Download reference tree of MetaPhlAn 4 from https://github.com/biobakery/MetaPhlAn/blob/master/metaphlan/utils/mpa_vJun23_CHOCOPhlAnSGB_202403.nwk.
Read your taxonomy profiling file in R, then subset the reference tree.

## Install necessary packages
install.packages("ape")  # For reading and subsetting phylogenetic trees
install.packages("dplyr")  # For data manipulation

## Load necessary libraries
library(ape)
library(dplyr)

## Read the MetaPhlAn 4 output (species-level profile)
metaphlan_data <- read.table("metaphlan_output.txt", header = TRUE, sep = "\t")

## Read the reference tree in Newick format
reference_tree <- read.tree("mpa_vJun23_CHOCOPhlAnSGB_202403.nwk")

## Subset the tree to keep only the detected taxa
subset_tree <- keep.tip(reference_tree, rownames(metaphlan_data))

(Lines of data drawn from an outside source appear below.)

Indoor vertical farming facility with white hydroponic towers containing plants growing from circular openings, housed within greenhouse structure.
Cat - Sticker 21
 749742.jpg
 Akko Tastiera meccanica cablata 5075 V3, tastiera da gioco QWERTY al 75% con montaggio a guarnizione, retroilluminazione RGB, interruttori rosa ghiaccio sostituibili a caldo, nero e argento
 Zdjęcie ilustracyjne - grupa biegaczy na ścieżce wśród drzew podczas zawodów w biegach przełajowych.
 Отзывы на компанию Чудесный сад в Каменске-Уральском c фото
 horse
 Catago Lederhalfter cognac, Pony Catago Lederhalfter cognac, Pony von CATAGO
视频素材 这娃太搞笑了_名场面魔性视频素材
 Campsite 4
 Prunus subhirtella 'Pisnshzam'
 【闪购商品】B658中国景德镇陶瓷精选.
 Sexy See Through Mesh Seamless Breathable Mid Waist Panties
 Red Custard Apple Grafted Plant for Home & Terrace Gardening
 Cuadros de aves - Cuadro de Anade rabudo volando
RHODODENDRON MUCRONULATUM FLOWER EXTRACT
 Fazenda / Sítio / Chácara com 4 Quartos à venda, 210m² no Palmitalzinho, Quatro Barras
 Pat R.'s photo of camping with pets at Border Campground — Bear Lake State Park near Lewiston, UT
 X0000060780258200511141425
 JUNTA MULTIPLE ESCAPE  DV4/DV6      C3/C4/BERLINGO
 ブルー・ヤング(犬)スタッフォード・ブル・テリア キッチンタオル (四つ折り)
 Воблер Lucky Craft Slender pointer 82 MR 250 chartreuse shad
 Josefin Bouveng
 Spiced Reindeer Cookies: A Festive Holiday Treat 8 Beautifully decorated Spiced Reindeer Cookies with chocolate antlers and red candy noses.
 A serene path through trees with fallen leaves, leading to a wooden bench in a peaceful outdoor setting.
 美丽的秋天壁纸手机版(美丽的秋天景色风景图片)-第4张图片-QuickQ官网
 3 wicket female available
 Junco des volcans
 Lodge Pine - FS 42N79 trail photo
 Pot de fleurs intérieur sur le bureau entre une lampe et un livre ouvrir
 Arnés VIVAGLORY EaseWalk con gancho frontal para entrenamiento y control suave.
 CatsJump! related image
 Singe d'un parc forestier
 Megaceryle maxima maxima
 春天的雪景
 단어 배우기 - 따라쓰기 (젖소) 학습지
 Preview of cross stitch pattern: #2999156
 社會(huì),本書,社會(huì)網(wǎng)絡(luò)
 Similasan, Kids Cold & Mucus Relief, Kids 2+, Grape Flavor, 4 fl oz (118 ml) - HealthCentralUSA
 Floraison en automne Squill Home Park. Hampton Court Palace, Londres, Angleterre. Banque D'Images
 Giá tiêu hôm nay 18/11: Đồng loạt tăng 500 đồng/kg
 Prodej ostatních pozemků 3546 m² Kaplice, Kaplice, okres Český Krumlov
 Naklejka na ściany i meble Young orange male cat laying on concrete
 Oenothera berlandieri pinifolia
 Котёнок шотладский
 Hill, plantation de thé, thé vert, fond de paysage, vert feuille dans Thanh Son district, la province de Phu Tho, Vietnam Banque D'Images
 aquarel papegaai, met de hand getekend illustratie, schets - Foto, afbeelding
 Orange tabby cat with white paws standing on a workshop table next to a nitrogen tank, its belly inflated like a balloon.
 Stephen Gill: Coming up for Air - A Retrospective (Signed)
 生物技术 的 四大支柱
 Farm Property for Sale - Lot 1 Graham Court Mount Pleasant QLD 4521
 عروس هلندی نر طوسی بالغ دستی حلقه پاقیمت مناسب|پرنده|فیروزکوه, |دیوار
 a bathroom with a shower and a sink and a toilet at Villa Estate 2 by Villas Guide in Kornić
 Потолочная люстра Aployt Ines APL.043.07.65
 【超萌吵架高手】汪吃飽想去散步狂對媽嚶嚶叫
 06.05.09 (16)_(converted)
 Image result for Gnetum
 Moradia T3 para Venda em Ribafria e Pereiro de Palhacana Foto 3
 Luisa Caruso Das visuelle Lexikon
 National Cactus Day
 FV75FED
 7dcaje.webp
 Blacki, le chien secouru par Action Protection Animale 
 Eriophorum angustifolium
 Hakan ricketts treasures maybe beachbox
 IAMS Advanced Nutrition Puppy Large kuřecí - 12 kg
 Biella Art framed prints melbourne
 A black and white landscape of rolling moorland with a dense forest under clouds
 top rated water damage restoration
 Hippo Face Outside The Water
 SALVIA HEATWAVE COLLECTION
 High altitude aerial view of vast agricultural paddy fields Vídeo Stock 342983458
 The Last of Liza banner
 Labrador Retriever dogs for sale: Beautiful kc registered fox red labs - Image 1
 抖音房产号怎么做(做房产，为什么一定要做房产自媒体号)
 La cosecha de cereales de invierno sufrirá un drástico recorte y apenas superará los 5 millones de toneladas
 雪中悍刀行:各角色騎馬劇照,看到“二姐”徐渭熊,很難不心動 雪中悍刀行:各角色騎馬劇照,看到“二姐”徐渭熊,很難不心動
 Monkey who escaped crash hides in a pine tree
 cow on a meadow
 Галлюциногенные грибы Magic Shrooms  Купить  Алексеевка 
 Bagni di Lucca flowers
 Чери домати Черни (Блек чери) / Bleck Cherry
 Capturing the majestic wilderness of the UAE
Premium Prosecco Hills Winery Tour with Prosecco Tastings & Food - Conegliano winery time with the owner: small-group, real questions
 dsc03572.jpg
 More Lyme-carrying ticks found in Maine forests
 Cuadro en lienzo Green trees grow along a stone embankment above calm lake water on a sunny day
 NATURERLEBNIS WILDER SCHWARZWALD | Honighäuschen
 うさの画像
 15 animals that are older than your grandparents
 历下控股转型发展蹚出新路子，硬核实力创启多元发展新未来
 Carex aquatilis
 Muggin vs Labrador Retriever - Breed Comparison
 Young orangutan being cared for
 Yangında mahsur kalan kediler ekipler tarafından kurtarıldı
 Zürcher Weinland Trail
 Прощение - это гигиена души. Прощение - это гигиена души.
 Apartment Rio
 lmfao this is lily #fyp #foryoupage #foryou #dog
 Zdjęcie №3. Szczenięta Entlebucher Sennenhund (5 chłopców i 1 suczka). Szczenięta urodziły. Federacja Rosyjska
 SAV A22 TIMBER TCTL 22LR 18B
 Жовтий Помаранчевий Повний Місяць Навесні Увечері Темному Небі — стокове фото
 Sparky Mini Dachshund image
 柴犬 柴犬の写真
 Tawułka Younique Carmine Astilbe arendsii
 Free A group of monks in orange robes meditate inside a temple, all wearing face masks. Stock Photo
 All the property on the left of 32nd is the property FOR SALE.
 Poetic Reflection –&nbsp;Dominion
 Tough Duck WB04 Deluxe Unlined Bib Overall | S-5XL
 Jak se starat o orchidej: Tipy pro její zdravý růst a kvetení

Tree construction using Woltka

To install Woltka, users can refer to the tutorial at the link: https://github.com/qiyunzhu/woltka/blob/main/doc/install.md.
Since Woltka accepts the align files, users still need to process raw sequence files through Bowtie 2, users can install and learn the Bowtie 2 at https://bowtie-bio.sourceforge.net/bowtie2/manual.shtml. Users should install ‘Web of Life’ (WoL) database to keep align with the reference tree of Woltka, tutorial is at https://github.com/qiyunzhu/woltka/blob/main/doc/wol.md. After users finish Bowtie 2 step, the results are in one folder, for example, named as ‘bowtie2_out’, then we can perform Woltka to obtain phyloseq object.

## bowtie 2 processing code
bowtie2 -x reference_index -1 sample_R1.fastq -2 sample_R2.fastq -S output.sam

## Processing aligned files with Woltka
woltka classify -i bowtie2_out -o table.biom

## Converting BIOM file into a tab-delimited file
biom convert --to-tsv -i table.biom -o table.tsv